The Taconite provided a floating hotel for Al Pacino, Hilary Swank and Robin Williams in 2001 when they were in Alaska shooting scenes for the psychological thriller Insomnia.
Walters estimates he spent 700 hours rebuilding the starboard engine, an old Atlas-Imperial diesel engine, after a failure in 1994.
A lot of work goes into maintaining the ship, Walters said.
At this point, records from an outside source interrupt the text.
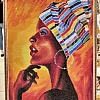Портрет африканки (На подрамнике)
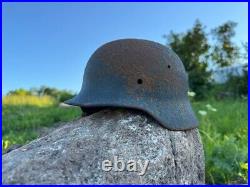 Authentic WWII German M40 Luftwaffe Helmet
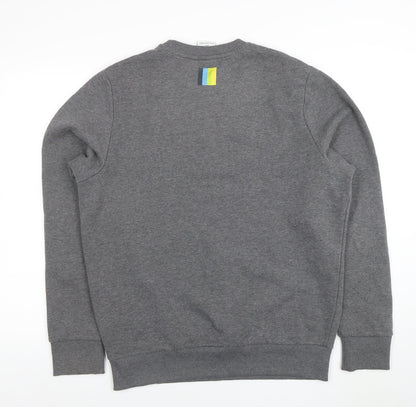 Mens UK Size L Commonwealth Games Grey Pullover Sweatshirt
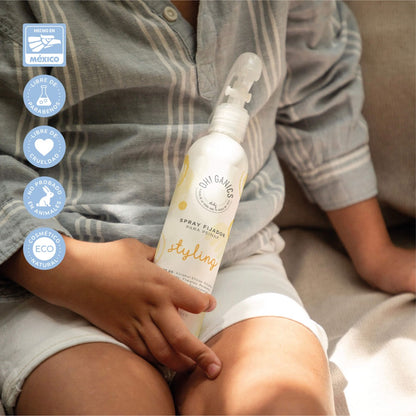 Spray Fijador Oh! Ganics Styling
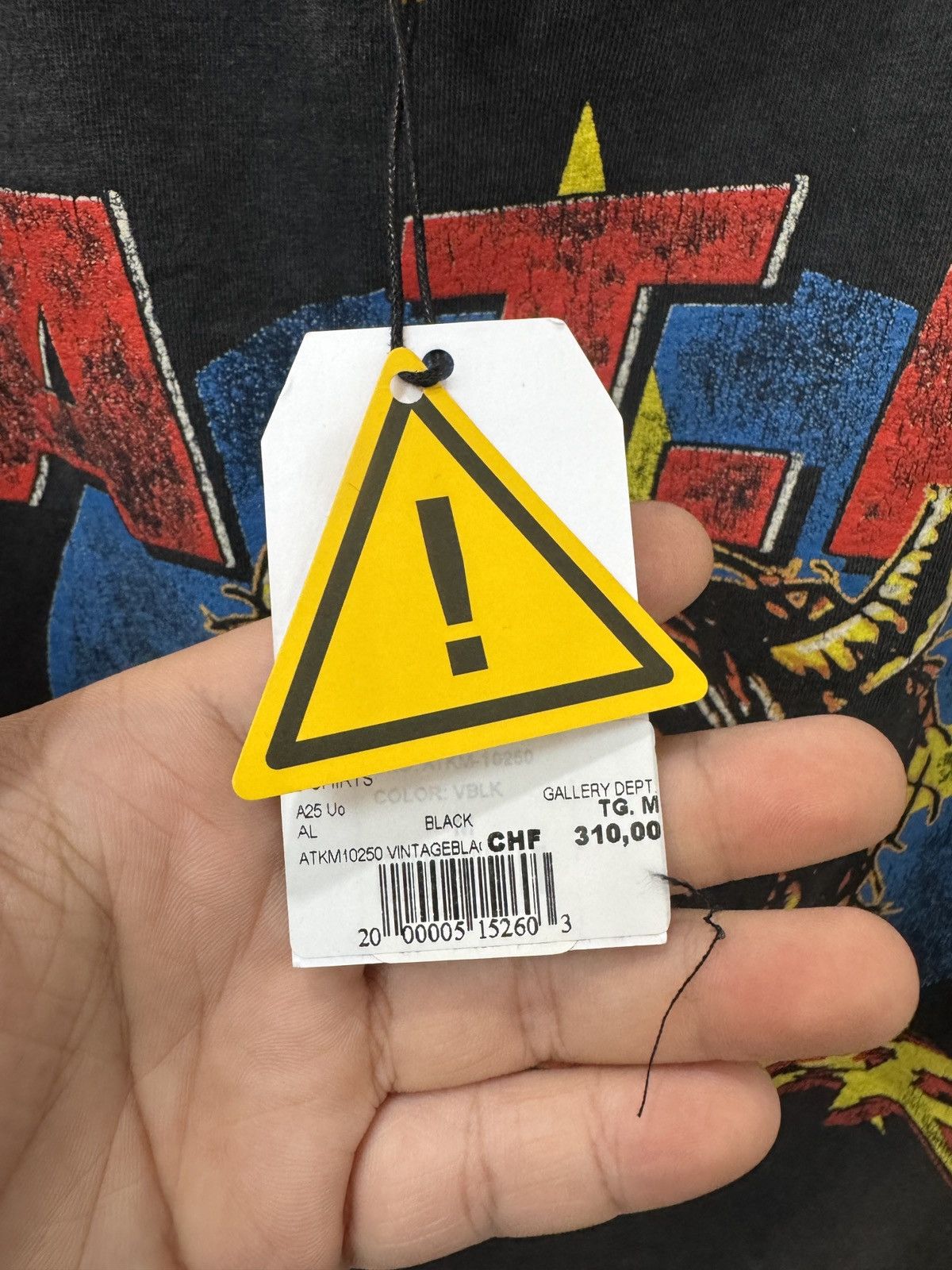 Gallery Dept. Gallery Dept Art That Kills Monster Tee Size US M / EU 48-50 / 2 - 7 Thumbnail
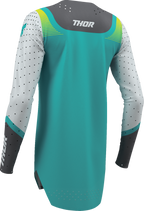 Thor Wmn Sportmode Velocity Gy/aq Jersey
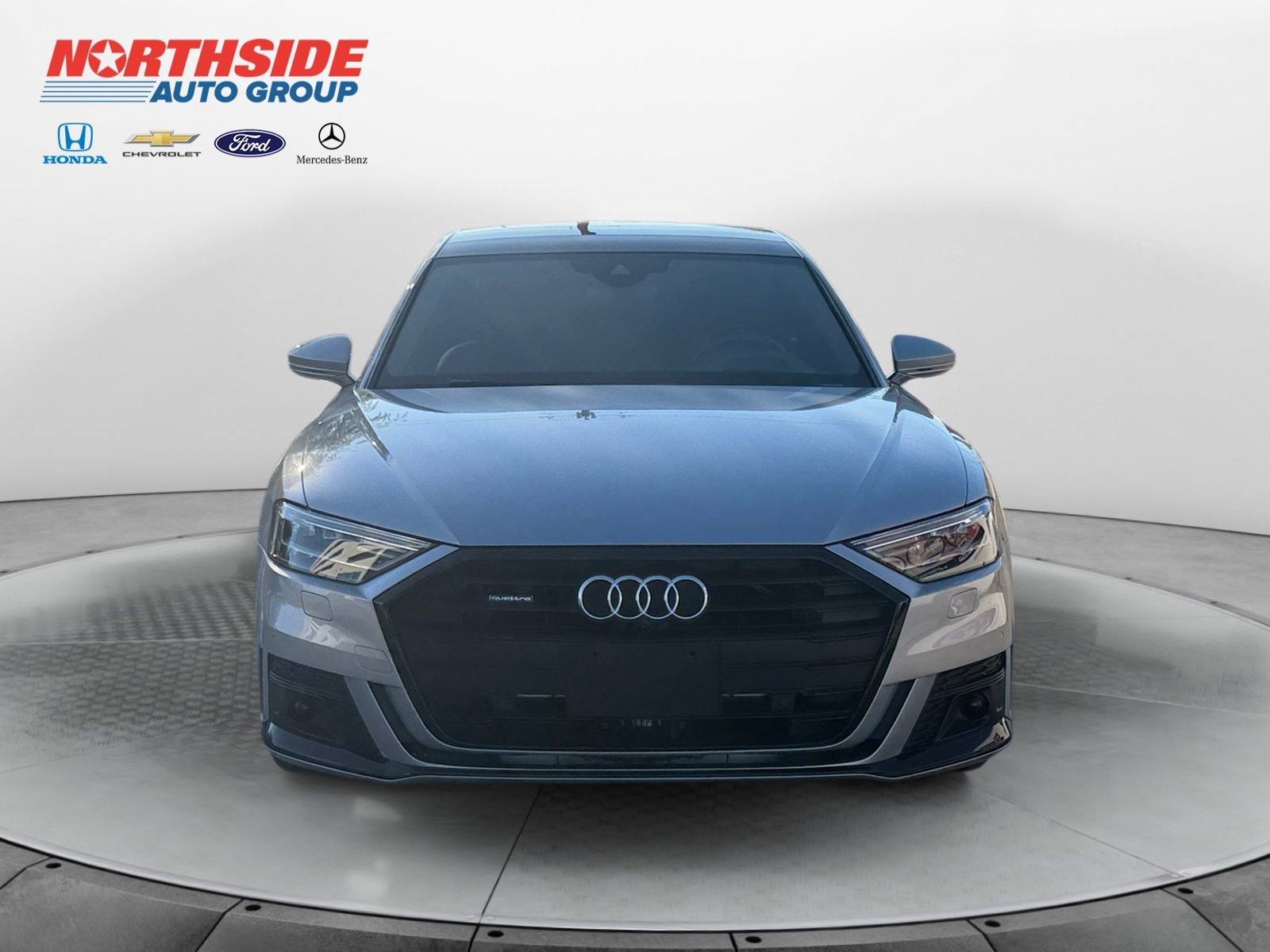 Used 2021 Florett Silver Metallic Audi L 55 image 2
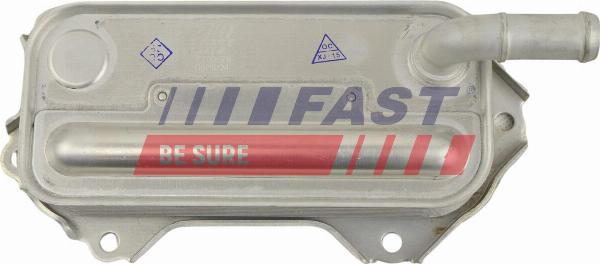 Fast FT00679 - Масляний радіатор, рухове масло autocars.com.ua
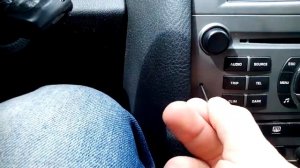 Как снять магнитолу peugeot 407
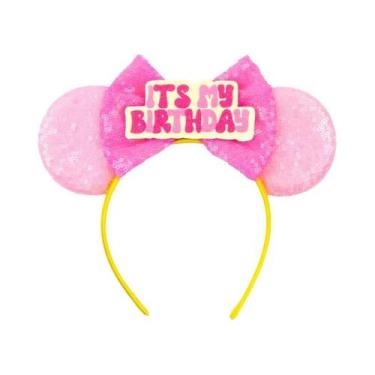 Imagem de Bandana Minnie Mouse e Monstros S.A. - Infantil Disney, Mq187, 5 tdm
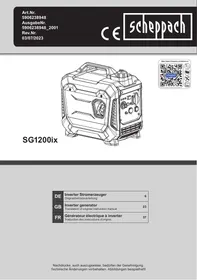 SG1200IX SCHEPPACH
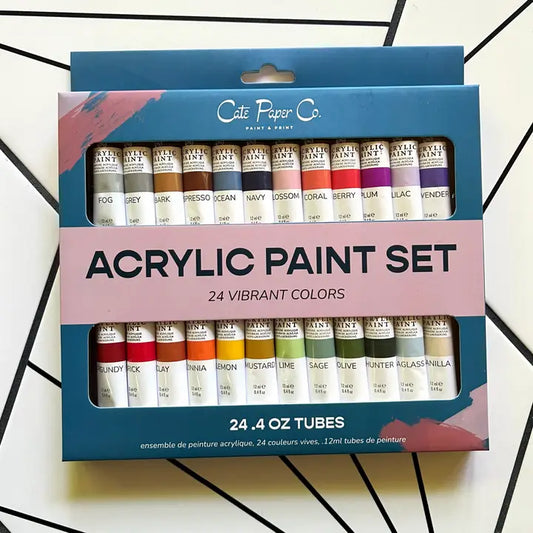 Cate Paper Co Acrylic Paint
Every few years, the teak floors need to be varnished, and the boat needs to be put into drydock to paint the hull.
The Taconite spent most of her days docked in Coal Harbour and Port Moody, but for the past year has been berthed in Maple Bay.
Prior to the latest sale, the yacht had only changed hands twice since Boeing built it: once in 1977 when the Boeing estate sold it to a man named Daryl Brown, and once in 1987 when it was sold to Levett, the former owner of the Pacific Coast Lines bus company. Levett restored the boat under the guidance of Bill Boeing Jr.
“It’s been in the Pacific Northwest all its life,” Levett told the Puget Sound Business Journal in 2015 after the boat was put up for sale. “And that’s where we hope to keep it.”
Levett acknowledges that the decision to remove the boat from B.C. waters is not a popular one.
“[The new owners] are meeting with quite a bit of opposition, I think, to taking it away from Canada, from this northwest area,” he said.
Levett said he would have liked to see the boat stay in Canada. However, he said there were only a few interested buyers and he sold to the one who made the best offer. The boat was sold for close to $1 million.
Levett, 78, told the Times Colonist he doesn’t know where the new owners will take the boat. Walters has been told that the plan is to take the Taconite to New York for retrofitting before it sails down to the Bahamas.
Both Walters and Long worry the heat and humidity will be harmful to the wooden boat. “A boat like that in the Bahamas is going to be destroyed in a couple of years,” Walters said.
Neither Walters nor Levett have been told when the new owners plan to collect this floating piece of B.C. history.
It’s a day Walters and Long are dreading.
“I’m just sick about it leaving,” Walters said.
“There are very few of the large classics left,” Long said. “This is the last one in B.C.”